Workers are feeling the pinch of higher rent and mortgage payments and rising food costs, with shocking numbers turning to food banks and community organizations to feed their families. Soaring prices for everyday necessities are affecting everyone, while workers continue to see their wages fall further behind inflation.

According to the Bank of Canada’s most recent survey, Canadians are reducing expenses and reviewing their budgets as they prepare for a looming recession.  

“The Bank of Canada says it expects inflation to return to normal by the end of 2024, but that’s two years away. In the meantime, workers are forced to make impossible choices in order to make ends meet,” said Bea Bruske. “No one should have to decide whether to pay the mortgage or put food on the table while rich CEOs continue to cash in all-time high profits.”

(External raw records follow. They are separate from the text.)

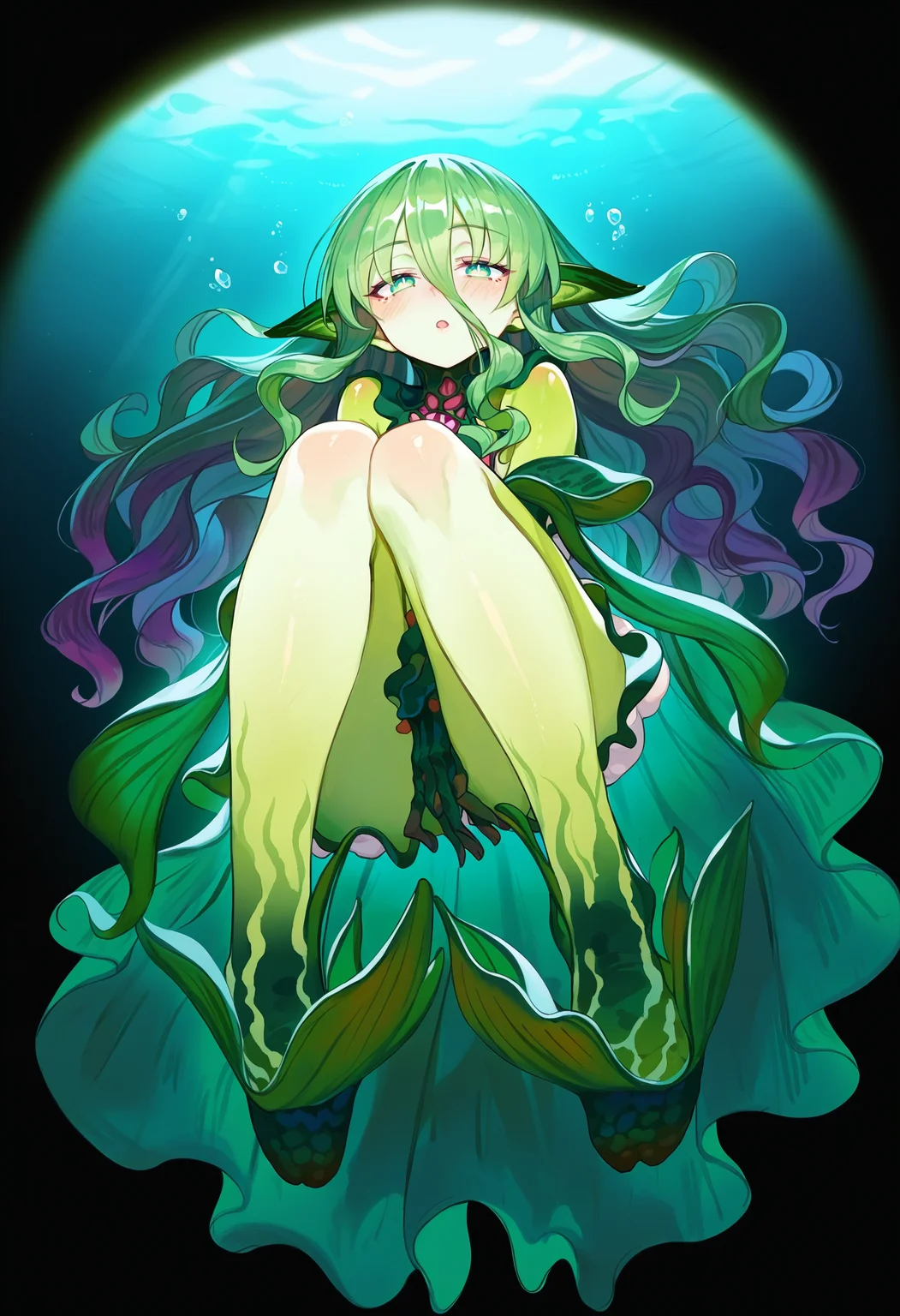 score_9, score_8_up, score_7_up, score_6_up, source anime,
flow kelp, kelp, 1girl, :o, absurdres, bare legs, blush, colored skin, full body, green eyes, green hair, green skin, green theme, groin, hair between eyes, long hair, looking at viewer, monster girl, monster girl encyclopedia, official art, open mouth, pale skin, parted lips, plant girl, solo, very long hair, wavy hair, underwater, close-up, from below, knees up, hand between legs, floating, bioluminescence, night, black background
<lora:monmusu_plant_girl_v13:1>
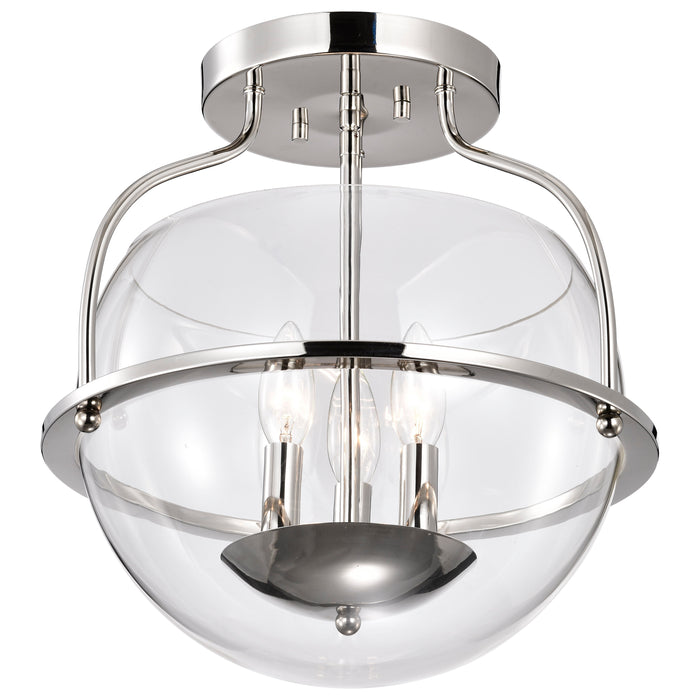 SATCO/NUVO Amado 3 Light Semi Flush Mount Polished Nickel Finish Clear Glass (60-7822)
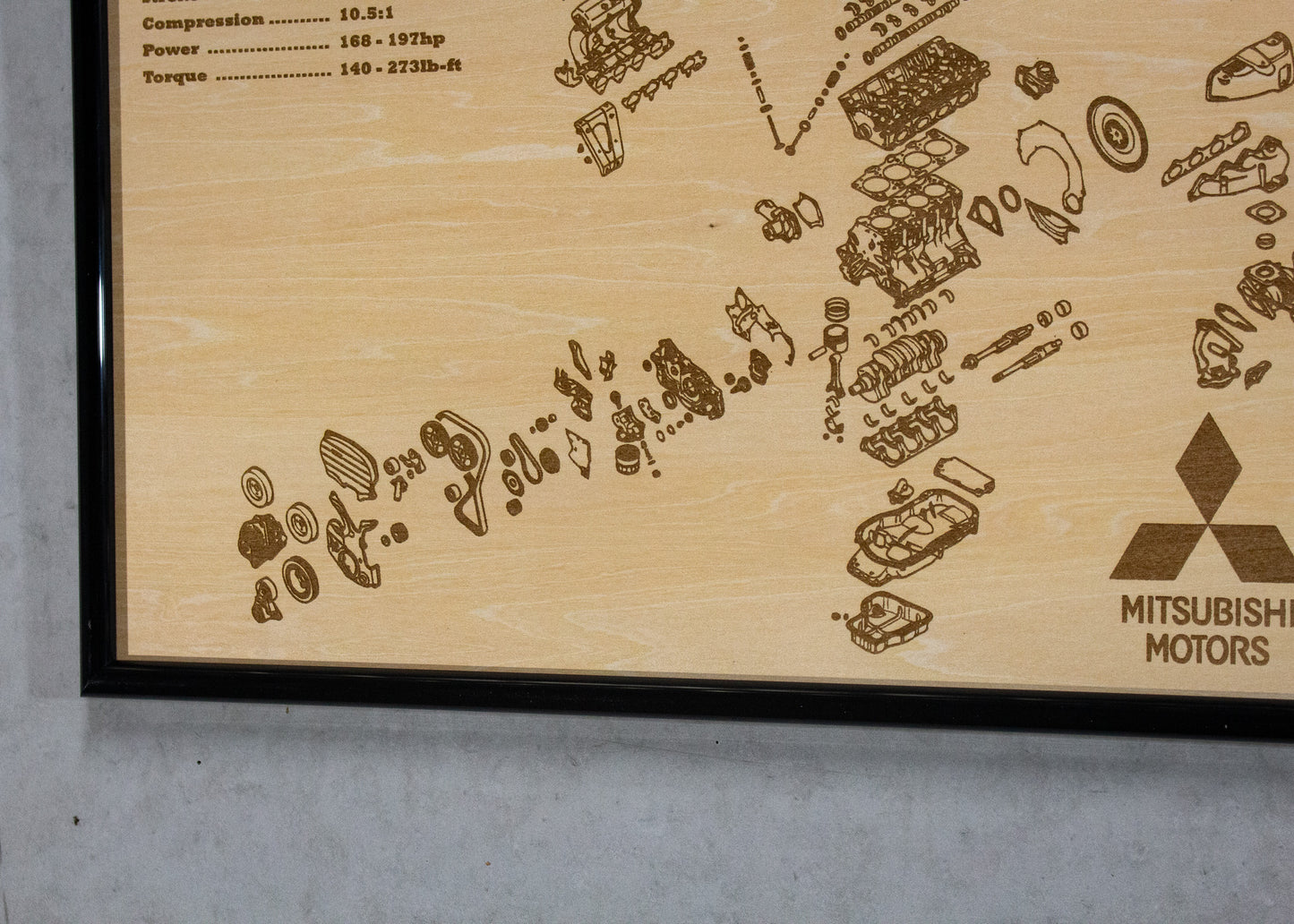 Mitsubishi 4G63T 2.0L exploded view poster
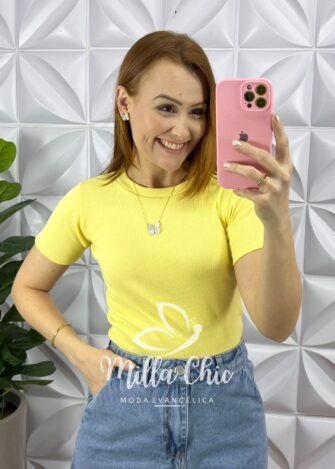 Blusa Canelada Ribana Candy Color Mila - Manteiga - Milla Chic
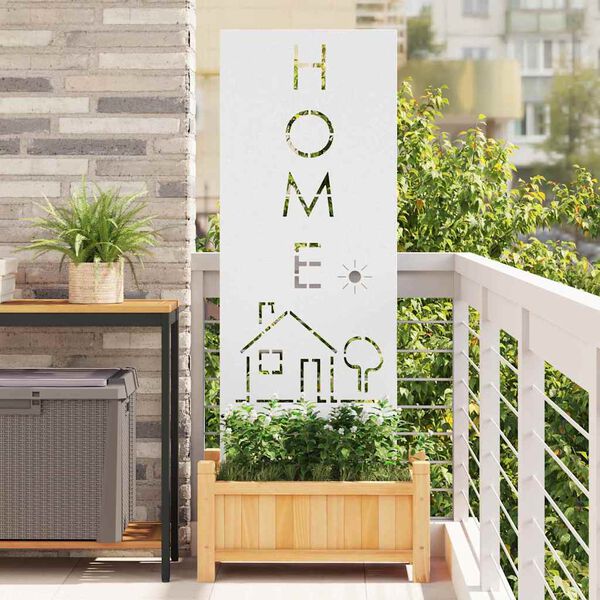 vidaXL Gar&eth;s b&uacute;na&eth; skj&aacute;r &Uacute;tskur&eth;ur Hv&iacute;tt 50 x 140 cm Kalt r&uacute;lla&eth; st&aacute;l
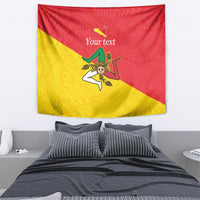 Personalized Italy Sicily Tapestry Sicilia Gorgoneion with Triskeles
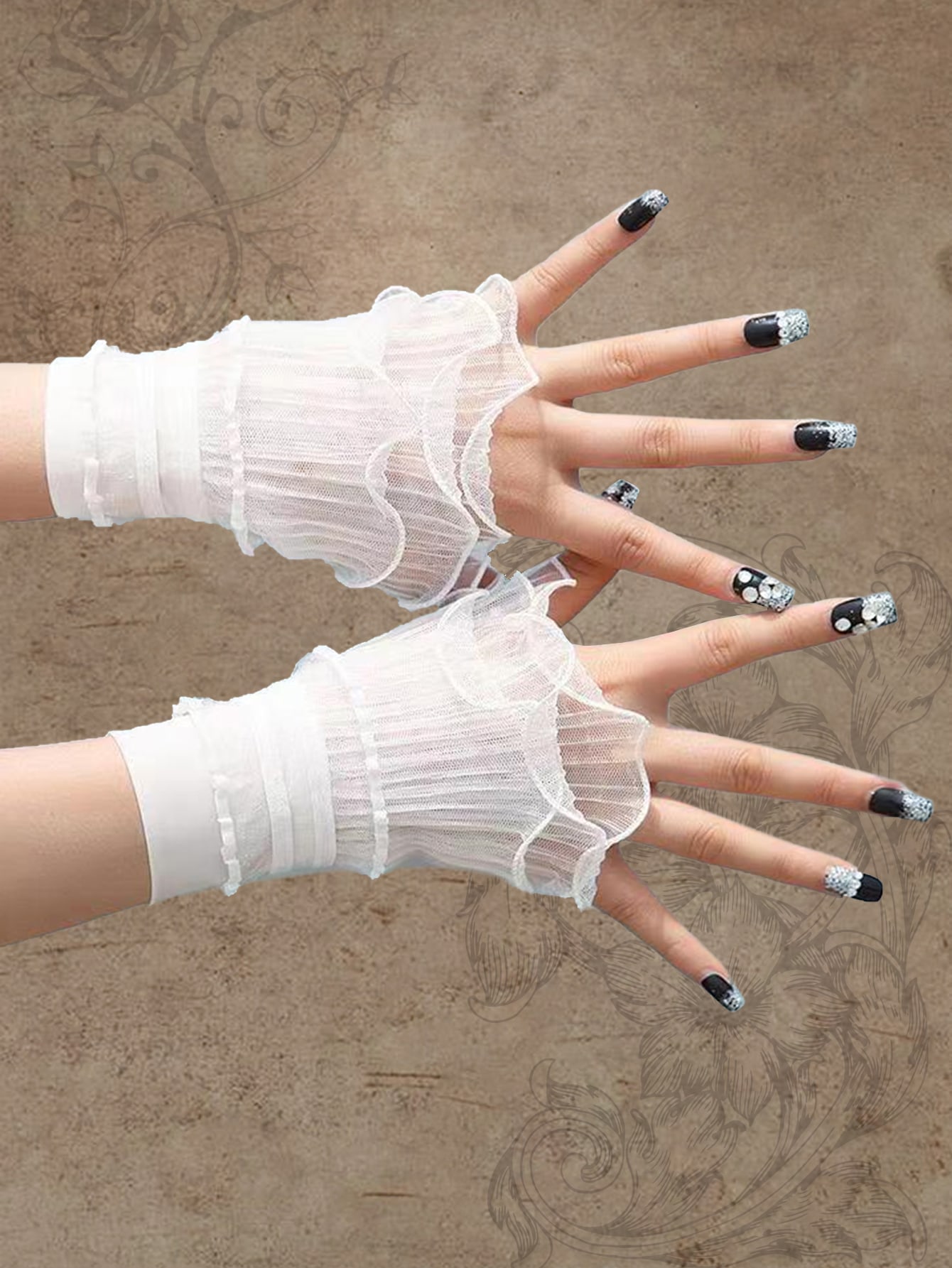 Ruffle Trim Fake Cuffs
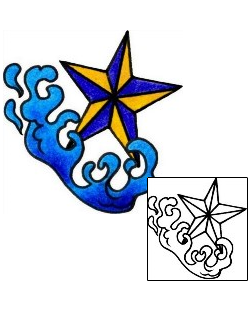 Nautical Star Tattoo Astronomy tattoo | CYF-00646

The government should do everything it can to help workers who stand to lose their jobs in the event of a recession. Canada’s unions have been urging the federal government to do its part to help families struggling with the affordability crisis. This must start with acting now to restore temporary EI measures until permanent improvements can take effect. We need this government to permanently strengthen our faded Employment Insurance system before it’s too late. Without Employment Insurance reform, many workers won’t have access to the benefits they need to put food on the table and keep a roof over their heads until they find a new job. Decades of cuts have resulted in only two in five unemployed people having access to EI. That’s why Canada’s unions have been sounding the alarm and demanding urgent reforms. 

“We will continue to do everything in our power to prevent job losses and stave off a disastrous recession,” said Bruske. “High inflation, rising interest rates, low wages and struggling public services such as public health care are stretching people’s ability to cope every day. We hope that decision-makers will act urgently to make profiteering corporations pay their fair share in 2023 and reinvest that money in programs Canadians need,” added Bruske.